After my visit to Jones Beach this past Saturday I decided to work my way away back to Queens by hopping from park to park. Cow Meadow Park, a Nassau County park, is just north and west of Jones Beach, and is well-known as a good spot to see some shorebirds. This time of year, you can also see bugs, and I spent much energy smacking mosquitoes, flies, and gnats that would not leave me alone. Despite the onslaught of insects I enjoyed my visit to the park, especially the time I spent sitting on the edge of the pond watching Tree Swallows and shorebirds.
But I’m getting ahead of myself a bit. Immediately after pulling into the park I was surprised to spot a horde of shorebirds feeding in a field. Short-billed Dowitchers and Semipalmated Plovers were the majority, but some Killdeer joined them and the flocks of Canada Geese. The Semipalmated Plovers were so numerous they even overflowed into the parking lots!
A walk on the short nature trail loop that provides access to a small wooden tower overlooking a large saltmarsh didn’t net me a hoped-for Whimbrel, but I did see an adult Willow Flycatcher feeding a juvenile and my first Magnolia Warbler of the fall migration. But the best spot to see birds at Cow Meadow Park, expecially in the fall, is the pond, surrounded by heavy vegetation and inhabited by herons, ducks, and shorebirds.
This visit was no exception, with a Tricolored Heron joining the numerous young night-herons, and both species of yellowlegs, Short-billed Dowitchers, and Spotted, Least, and Semipalmated Sandpipers all foraging for food.
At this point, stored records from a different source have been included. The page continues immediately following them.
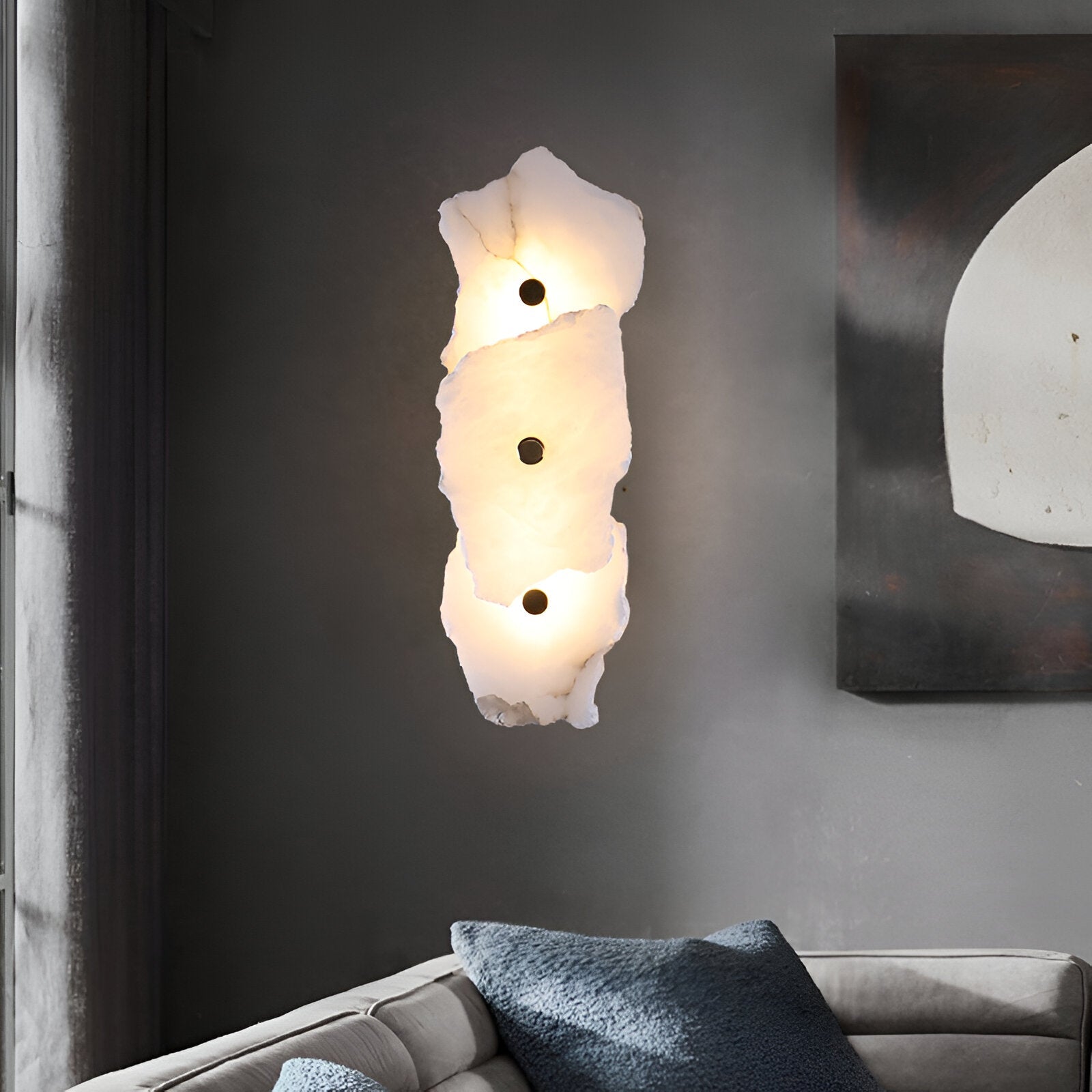 Wall Lamp Marble 5.1 in LED Warm White Hallway Staircase Corridor Modern Decorative Lighting Fixture | Thomler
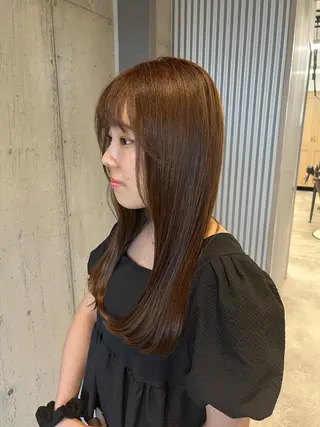 ロング カラー ヘアアレンジ 髪質改善・艶カラー・ ボブ・リクト💥のヘアスタイル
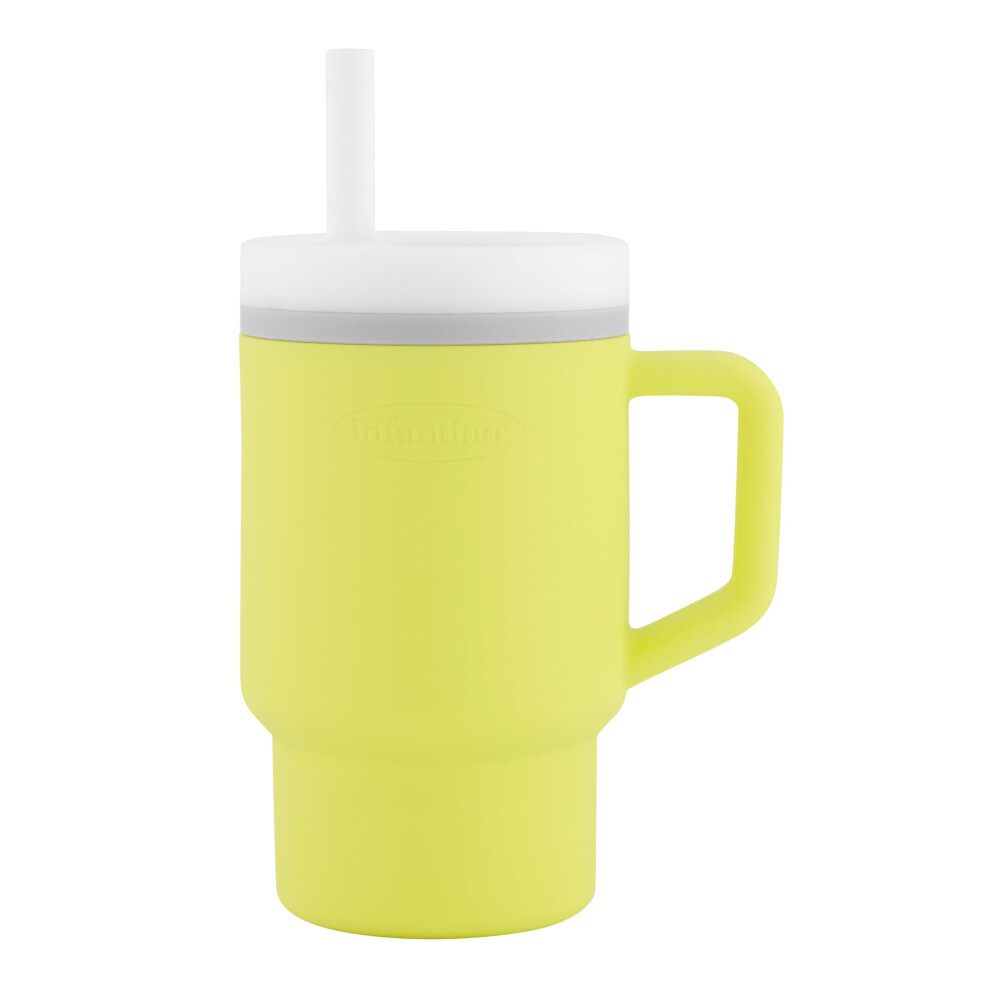 My 1St Tumbler ? Adorable Miniature Tumbler With Leak-Resistant Straw And Toddler-Friendly Handle, Encourages Hydration, Easy To Clean, 9 Infantino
Secreting myself in some vegetation on the edge of the pond I tried getting shots of fly-by birds, with some results better than others.
Short-billed Dowitchers in flight
Nothing is more frustrating than a night-heron flying your way that you manage to get nearly in focus, but not quite, except maybe that exact scenario playing out with the added joy of a Tree Swallow getting in the way:
Tree Swallow messing up a shot of a juvenile Yellow-crowned Night-Heron
Fortunately, I did manage to get a couple decent shots:
On the way out I took a quick spin around the park’s parking lots (how odd it felt to bird by car again) and didn’t see anything new, though I did yell at a couple of jerks in a pickup truck who thought it was funny to speed at resting Canada Geese. Some people!
I did have one more park to stop at before I called it a day, but that will have to wait…
Semipalmated Plovers relocating
I know it’s a trick of the light, but one of those semipalms to the left has a bill like a Wilson’s.
I think there is a dark spot on the pavement behind the bird…now if it had been a Wilson’s Plover and I missed it, well, I’d have to hang up my binoculars in shame!
Wilson’s Plover should have flesh colored legs, to me the bird in question looks like it has orange legs like the rest.